Hoje ainda no futebol de Porto Velho, o folião mostra a sua classe se revezando em partidas, excursões e breves torneios que envolvem as equipes do Clube Grilão (Bairro da Lagoa), time Máster do Moto Clube e time Máster da Escola de Samba Asfaltão, o Tigre do Bairro Santa Bárbara. 

No carnaval de Manaus nas vezes e prestígio de consagrado sambista e requisitado intérprete, orbitou entre 1967 e 1970, pelos blocos Unidos do Boulevard Amazonas e Unidos da Selva, este último do Bairro São Jorge, cujo presidente à época fora o ex 1º Governador do Estado de Rondônia, Coronel Jorge Teixeira de Oliveira (o Teixeirão) quando o mesmo comandou o 17º BIS – Batalhão de Infantaria (Bairro São Jorge – Estrada da Ponta Negra). Por força da sua importância, comprometimento e popularidade fora eleito Cidadão Samba, em votação expressiva realizada entre as escolas de samba do velho Porto de Lenha (leia-se: Manaus). 

No grupo especial do carnaval de Manaus foi ativo e importante intérprete da campeoníssima Escola de Samba Vitoria Régia (da Praça 14 de Janeiro) e também emprestou o seu cantar para a agremiação Andanças de Ciganos (do Bairro Cachoeirinha).

Em Porto Velho, Torrado já somou no carnaval antigo dos blocos de rua como Curriola 40, Bloco dos Imigrantes e Armário Grande, neste acaso, antes dessa agremiação virar Escola de Samba. E em se falando de escolas de samba ele cá, em terras karipunas, ele desfilou pela Diplomatas do samba, Pobres do Caiarí e Unidos da Castanheira, essa última do Bairro Arigolândia, por quem foi campeão levando a cidade e própria escola a cantar, dançar e brincar sob o manto poético melódico do envolvente enredo/tema de sua autoria “Pra Amar Tem Gay…” um samba alegre, livre, inclusivo, envolvente, cultural e que até hoje faz grande sucesso em nossa cidade.

Torrado já recebeu a comenda de Menestrel do Samba pela Fundação Cultural de Porto Velho – FUNCULTURAL, porém nunca fora homenageado pelas ligas, federações e agremiações do segmento direto do carnaval local. Enquanto compositor o menestrel coleciona algo em torno de 60/70 composições de sua autoria constando de sambas, boleros, pagodes e outros ritmos.

Atualmente, sempre festivo e nutrido pela alegria de viver e pela sua inserção social nas rodas de futebol, samba, boemia e dominó, o mestre Torrado integra e compõe a cena da cultura local como um notável baluarte a frequentar com brilhantismo as rodas de samba do Bar do Calixto, Mesa de  Dominó no bar do Calça Frouxa, nas as animadas reuniões futebolísticas de amigos no Clube Grilão, dentre outros espaços onde sempre a cultura popular e o esporte formam as pautas que o animam estar e sempre promover os enlaces sociais.

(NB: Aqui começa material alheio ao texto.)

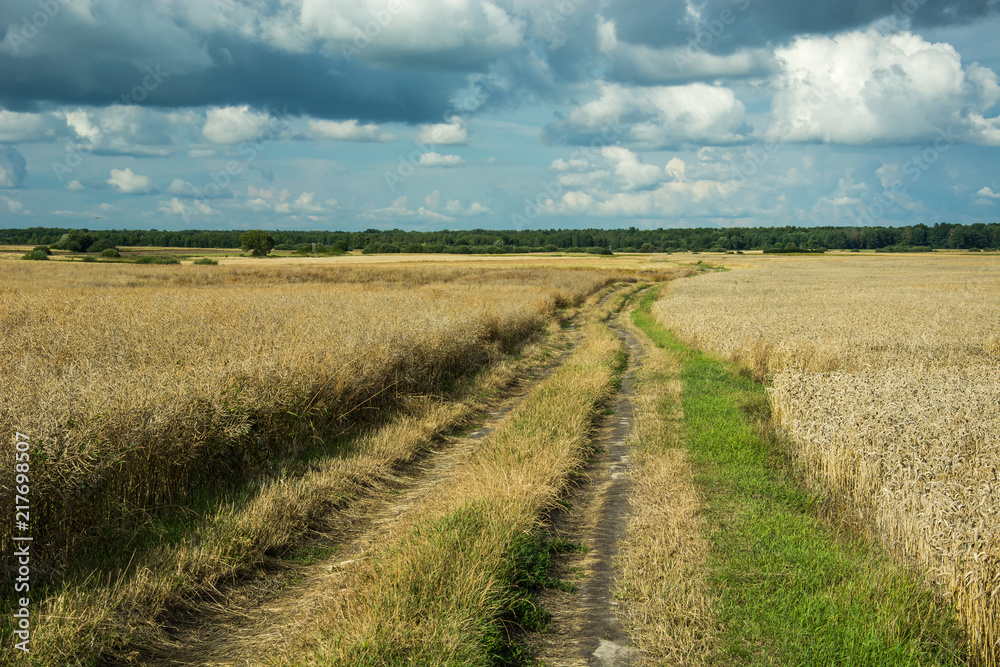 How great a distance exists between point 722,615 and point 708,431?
598 centimetres

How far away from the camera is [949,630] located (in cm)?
455

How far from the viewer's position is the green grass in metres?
4.33

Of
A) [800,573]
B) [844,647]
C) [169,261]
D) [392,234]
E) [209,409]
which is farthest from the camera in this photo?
[392,234]

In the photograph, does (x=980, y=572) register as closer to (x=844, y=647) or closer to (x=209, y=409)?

Isto posto, pelas vias desse tema o Bloco Pirarucu do Madeira, no exercício da sua compromissada pauta de registro, valorização e conduta social e cultural, chama os clarins pra soarem alto e melodiosos aos ouvidos e ânimo do povo, trazendo o Mestre Torrado pra dizer e no gogó e responder no pé, enquanto abençoado e devotado cidadão, signatário da alegria de viver, folião do carnaval e homem de fé, sob as bênçãos do seu padroeiro, São José para exibir e esparramar a sua alegria e lume cultural, no carnaval de 2026.